Projects

I have worked on a broad range of projects in machine learning and natural language processing.
Details of some of the projects are listed below.

Amortized Inference

For many structured prediction tasks in natural language processing and computer vision, the prediction
phrase is complicated and time consuming. As we move in an era where we dream of processing the entire web
on a daily basis or we want to process the twitter feeds in real time, we need to use the tools over billions
of instances. Many of these instances are similar (e.g. many people blaming Democrats or many people blaming
Republicans for the Government shutdown). Our tools will process many similar instances and therefore it
is bound to repeat the same computations again and again. The method we proposed was to store the predicted
structure for inputs as we process them and for each new input, check the cache of previously processed inputs
to see if some theorecital conditions are satisfied to guarantee that one of structures predicted previously
will be the optimal structure for the new input (without solving the new input problem). As we process more,
our cache will get richer and we will need to solve fewer problems from scratch in future as we will be able
to answer most of the problems from cache alone.

Relevant Publications

Gourab Kundu*, Vivek Srikumar*, Dan Roth, Margin based Decomposed Amortized Inference, Annual Meeting of
Association of Computational Linguistics (ACL), 2013 Poster
Vivek Srikumar*, Gourab Kundu*, Dan Roth, On Amortizing Inference Cost for Structured Prediction, Empirical
Methods on Natural Language Processing (EMNLP)2012 Poster

Domain Adaptation

Statistical learning methods have an assumption that the training and test data are drawn from the same
distribution. Unfortunately, in fields like language processing and computer vision and others, quite often
we have to train models from training data of one domain and need to test it on data from a different domain.
As labeling data is very expensive and the number of different domains is very large, it is infeasible to label enough data
from each domain and train a separate model for each domain. The solution is then to train a model from training
data of some domain and then adapt the model for a new domain without any labeled data. The direction I am working on
is to use the same model on all domains and change the text from each domain so that the same model can have high accuracy
on this adapted text. Text adaptation for a new domain can be less time consuming than building a new model for
each new domain. Moreover, model adaptation is infeasible when the model is itself a mixture of several independent
models and tools. In these cases, text adaptation is the only feasible solution.

Relevant Publications

Gourab Kundu, Dan Roth, Adapting Text instead of the Model : An Open Domain Approach, International Conference on
Computational Natural Language Learning (CoNLL), Portland, 2011. (BEST STUDENT PAPER AWARD)
Gourab Kundu, Ming-wei Chang, Dan Roth, Prior Knowledge Driven Domain Adaptation, ICML Workshop on Combining Learning
Strategies to Reduce Label Cost, Seattle, 2011
Gourab Kundu, Ming-wei Chang, Dan Roth, ChengXiang Zhai, A New Framework for Domain Adaptation without Model Retraining,
Computer Science Research and Technical Reports, University of Illinois (2013)

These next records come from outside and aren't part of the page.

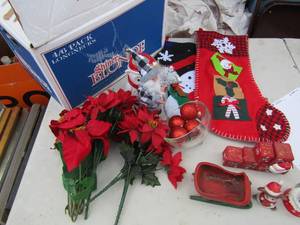 lot 258 image: Christmas- stockings, snow globes, sleigh and more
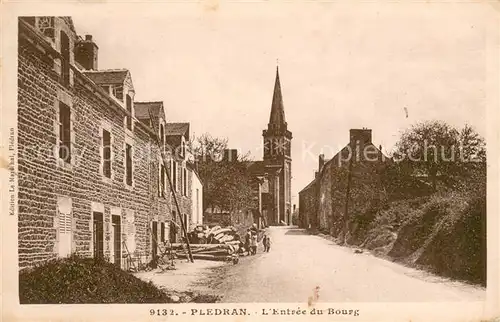 AK / Ansichtskarte Pledran Entree du Bourg Pledran
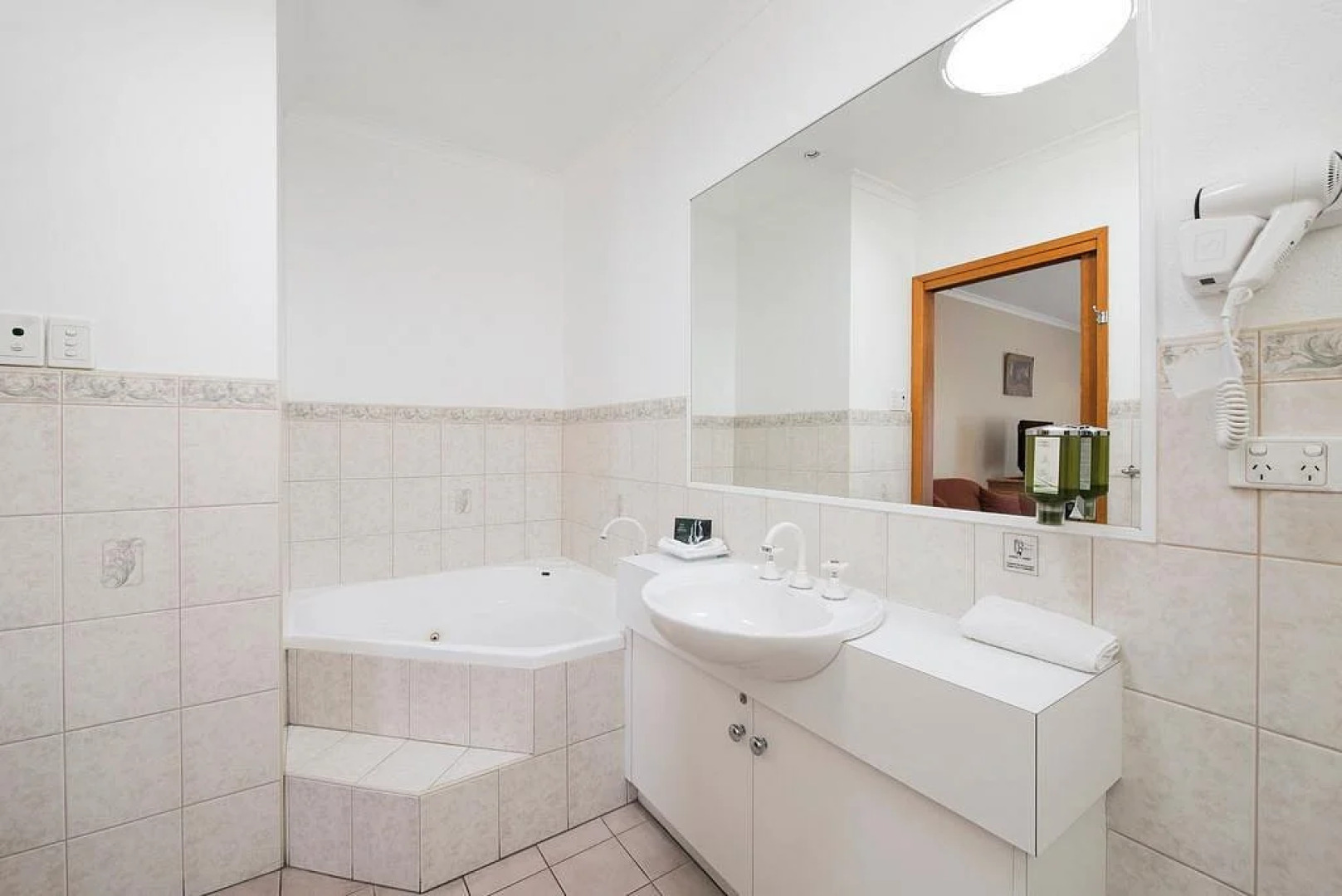 Comfort Inn May Park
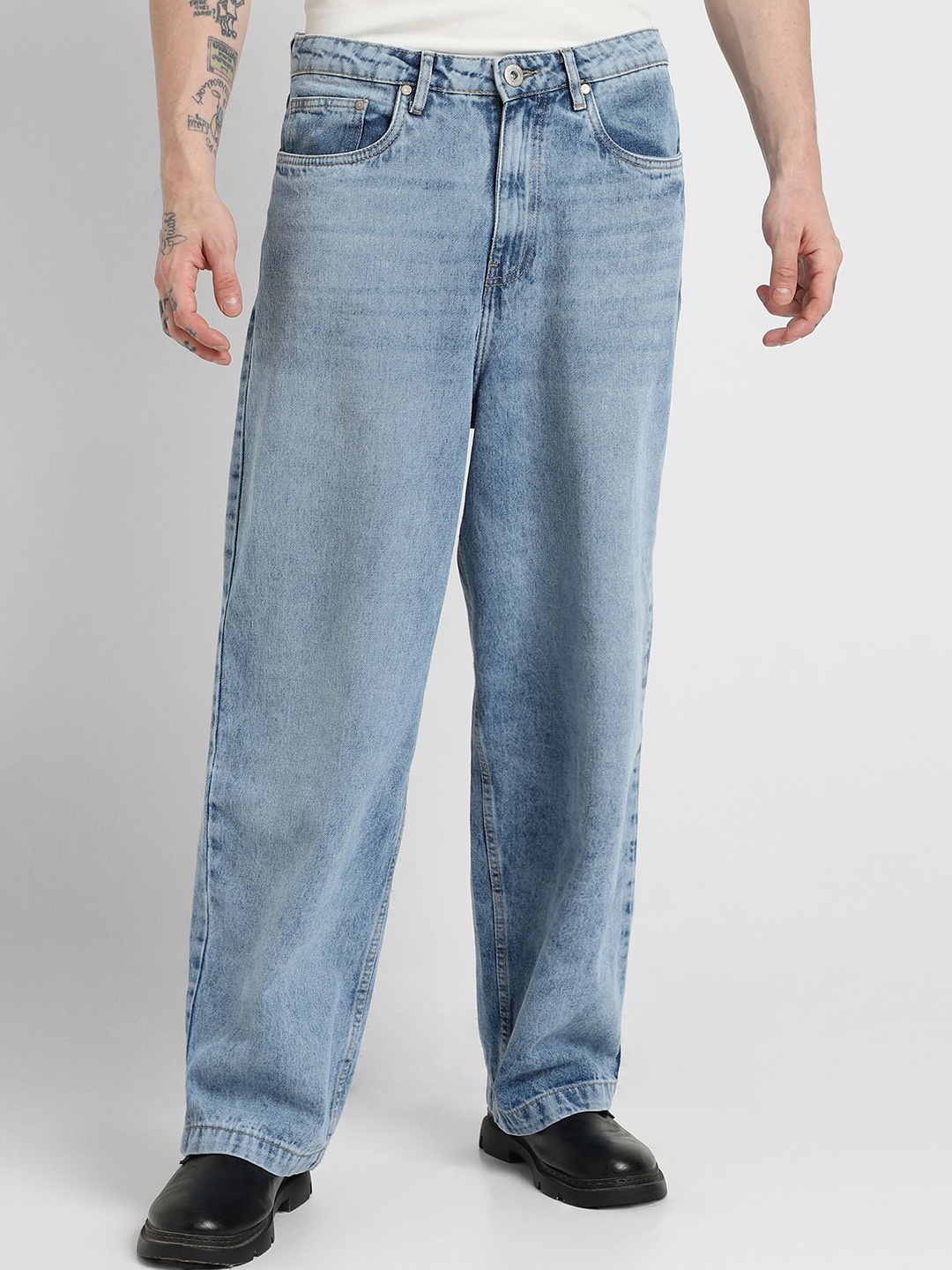 

FOREVER 21 Men Relaxed Fit Clean Look Pure Cotton Whiskers and Chevrons Light Fade Jeans, Blue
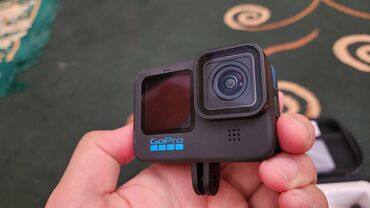 сигнализация для мотоцикла: Компактная экшн-камера GoPro черного цвета, предназначенная для съемки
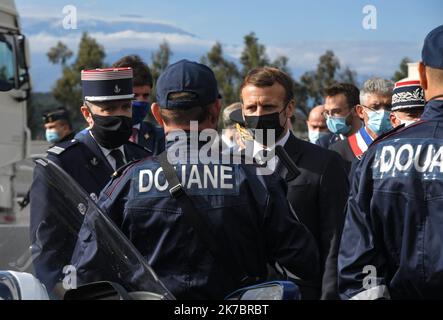 ©PHOTOPQR/l'INDEPENDANT/Michel CLEMENTZ ; Perpignan 05/11/2020 Emmanuel Macron au Perthus ce jeudi annonce le doublement des Forces de sécurité à la frontière Emmanuel Macron durante una visita al confine tra la Francia e la Spagna, Annunciare che il numero delle guardie di frontiera sarebbe raddoppiato "a causa del peggioramento della minaccia” del terrorismo, a le Perthus, in Francia, il 5 novembre 2020. Foto Stock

Scientific Literature Analysis

One of the basic steps of analysing the scientific literature is to identify the key techniques, problems and applications.
In this project, I built a bootstrapper from only a few seed patterns using a variant of Yarowsky algorithm to identify the
techniques and applications from a scientific domain and then did coreference acorss them using the citation network. The
idea is that two mentions should be coreferent if they are often used in the context of similar citations. This analysis proved
essential in future trend analysis of scientific research. I showed how it is possible to answer questions like what techniques
are used in what appplications, how does a concept change role over time for example, it tends to be used more as a technique instead
of an application.

Relevant Publications

Chen-tse Tsai, Gourab Kundu, Dan Roth, Concept-Based Analysis of Scientific Literature, Conference on Information and Knowledge
Management (CIKM), 2013

Textual Entailment

Textual Entailment is the task of determining whether a given text entails a given hypothesis. The classifier for entailment decision
depends on the latent alignment of the text and the hypothesis and in turn, this latent alignment must be learned to be predictive of
the final task in consideration. In this project, I framed alignment as a constrained optimization problem and jointly learned the
alignment and entailment decisions.

Relevant Publications

Mark Sammons, V.G.Vinod Vydiswaran, Tim Vieira, Nikhil Johri, Ming-Wei Chang, Dan Goldwasser, Vivek Srikumar, Gourab Kundu,
Yuancheng Tu, Kevin Small, Joshua Rule, Quang Do, Dan Roth, Relation Alignment for Textual Entailment Recognition, TAC 2009
Workshop, Maryland, USA Poster Oral Presentation

Computational Learning Theory

Teaching is a scenario where a teacher knows the true concept and wants to teach it to a learner using examples. The complexity of
teaching a concept class can be thought of as a lower bound of any other form of learning. In this project, I analysed a real world
scenario where firstly, the teacher does not know the target concept exactly, instead has some partial knowledge and secondly, he is
constrained to teach using examples from a set of available examples instead of all possible examples. I showed how even in these cases,
the sample complexity is polynomial for teaching several important concept classes under different characterizations of the set of
available examples to the teacher.

Relevant Publications

Gourab Kundu, Dan Roth, Teaching with Examples in a Real Environment, Computer Science Research and Technical Reports, University of Illinois (2013)